### Data in this exercise:
+ + + +
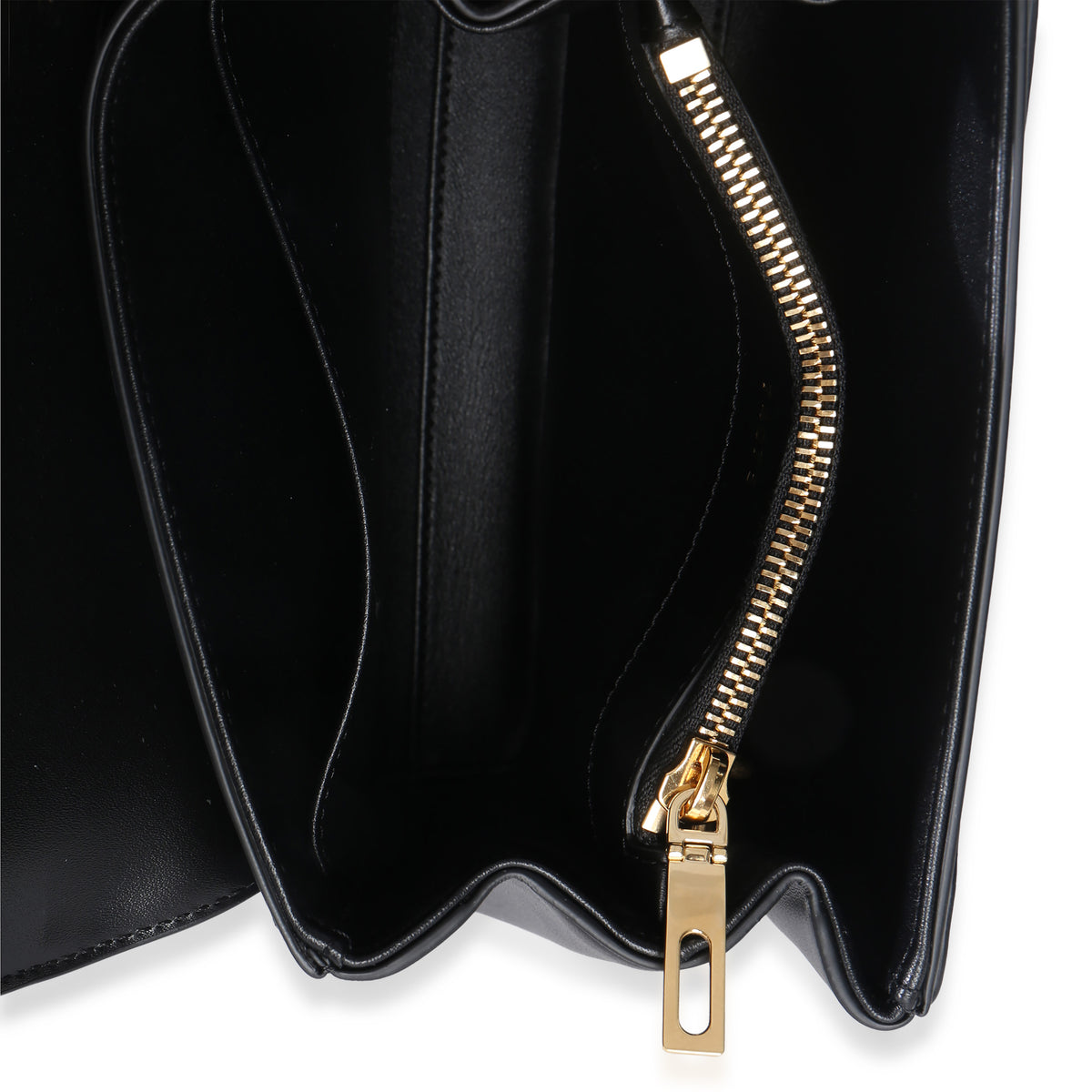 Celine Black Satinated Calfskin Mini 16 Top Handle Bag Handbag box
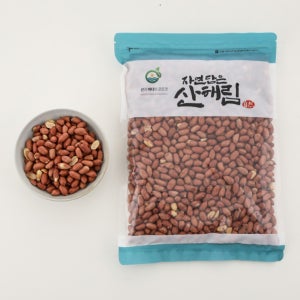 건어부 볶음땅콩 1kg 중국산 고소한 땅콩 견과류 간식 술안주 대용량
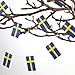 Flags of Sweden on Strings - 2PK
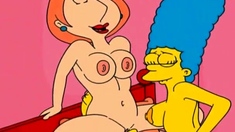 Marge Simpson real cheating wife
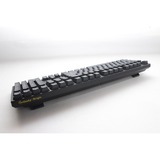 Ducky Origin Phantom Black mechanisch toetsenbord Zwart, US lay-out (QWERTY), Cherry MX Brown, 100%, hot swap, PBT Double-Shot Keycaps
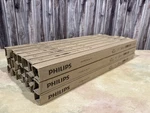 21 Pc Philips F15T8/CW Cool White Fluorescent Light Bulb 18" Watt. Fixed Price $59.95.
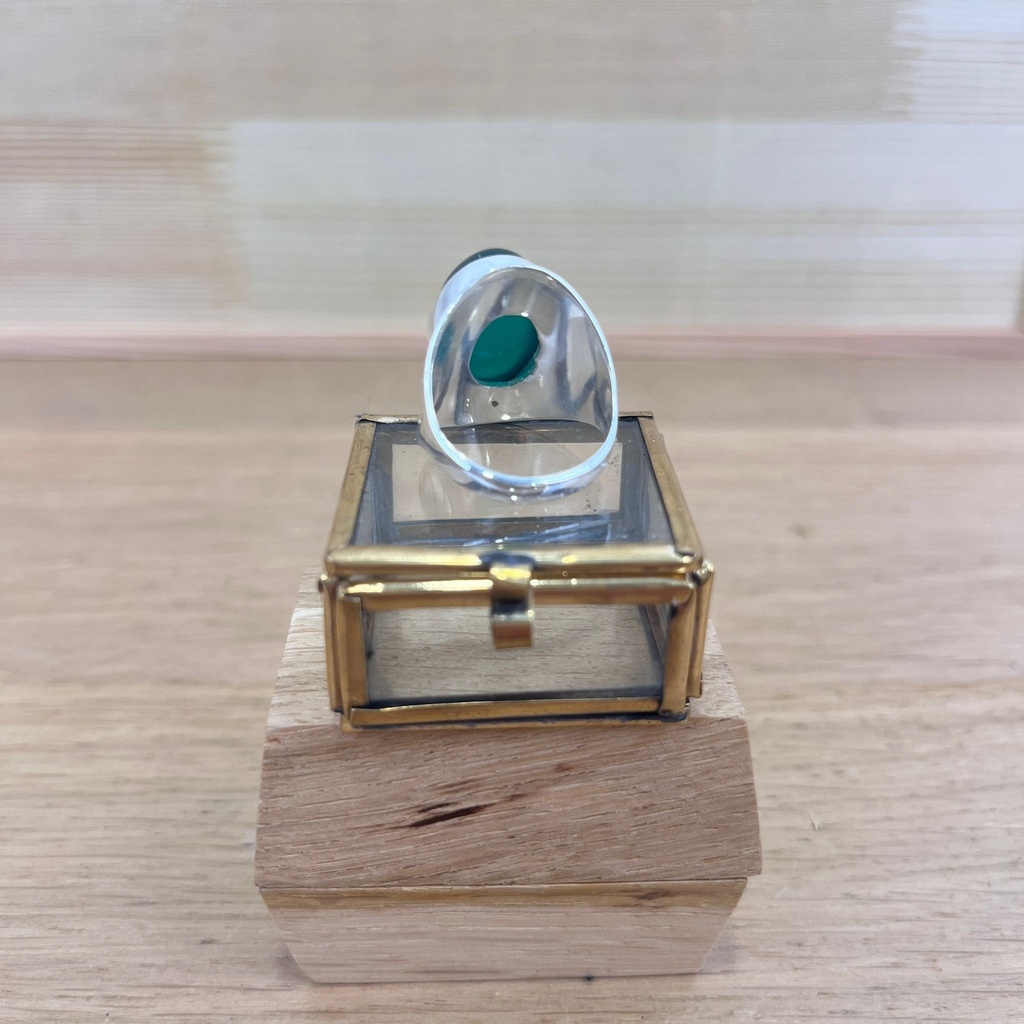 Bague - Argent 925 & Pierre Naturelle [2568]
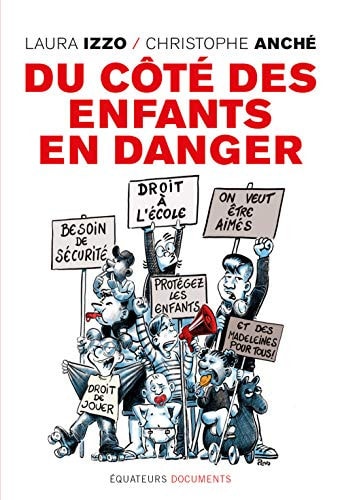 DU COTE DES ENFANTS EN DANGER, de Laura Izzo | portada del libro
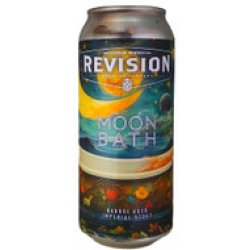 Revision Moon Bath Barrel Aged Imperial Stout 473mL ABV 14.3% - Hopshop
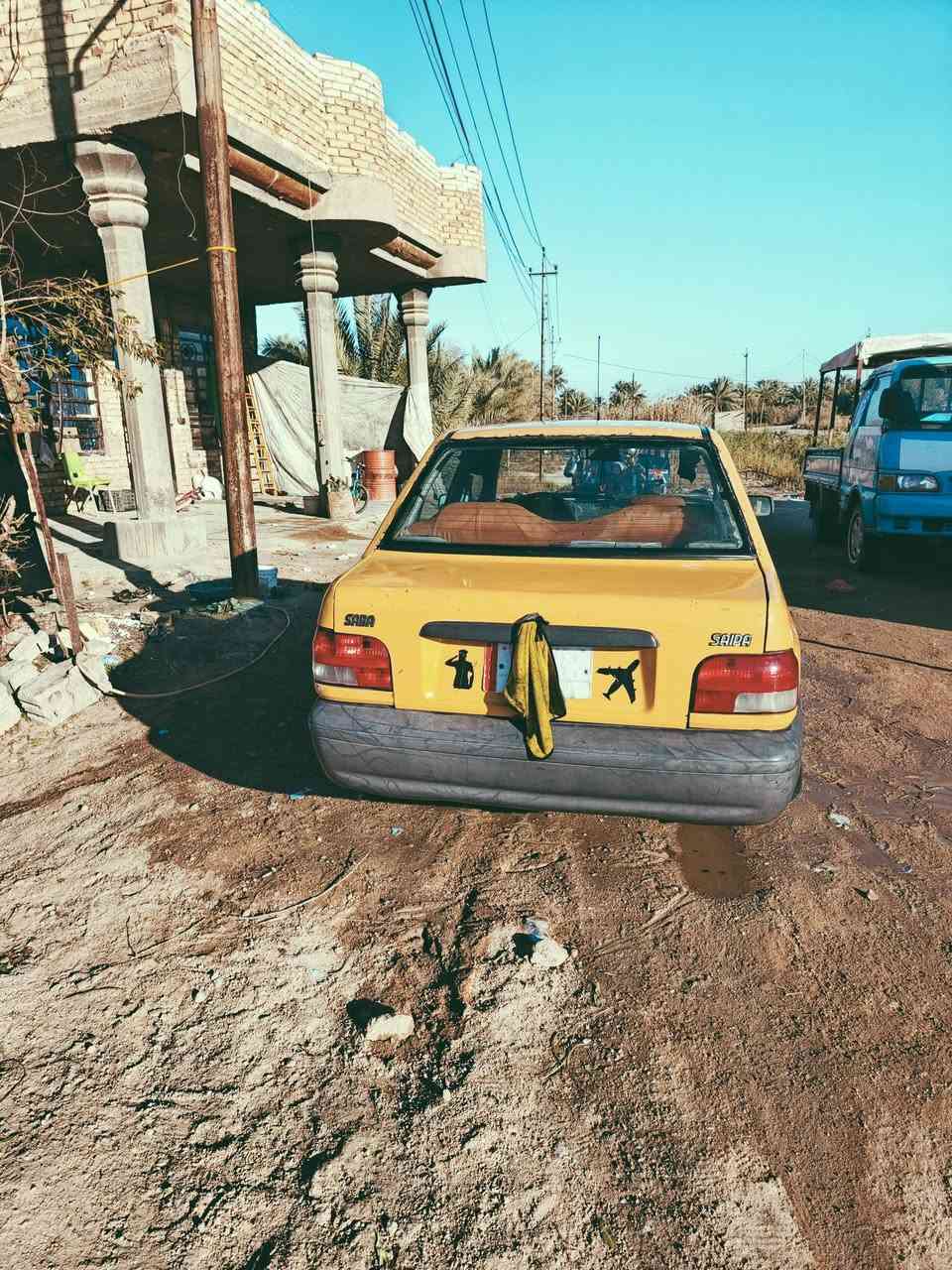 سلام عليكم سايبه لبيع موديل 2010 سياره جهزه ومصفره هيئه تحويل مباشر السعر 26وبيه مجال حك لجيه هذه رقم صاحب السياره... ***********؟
+ + + +
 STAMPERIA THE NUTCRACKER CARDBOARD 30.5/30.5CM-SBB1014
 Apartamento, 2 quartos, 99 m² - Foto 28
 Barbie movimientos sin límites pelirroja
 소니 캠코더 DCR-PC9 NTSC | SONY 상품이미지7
+ + + +
### What you should do:
Pictures do not belong in the answer. Return the lines above starting at the one with "DU COTE DES" and ending at the one with "سلام عليكم سايبه", both kept, exactly.

### Written reply:
 DU COTE DES ENFANTS EN DANGER, de Laura Izzo | portada del libro
 Revision Moon Bath Barrel Aged Imperial Stout 473mL ABV 14.3% - Hopshop
 سلام عليكم سايبه لبيع موديل 2010 سياره جهزه ومصفره هيئه تحويل مباشر السعر 26وبيه مجال حك لجيه هذه رقم صاحب السياره... ***********؟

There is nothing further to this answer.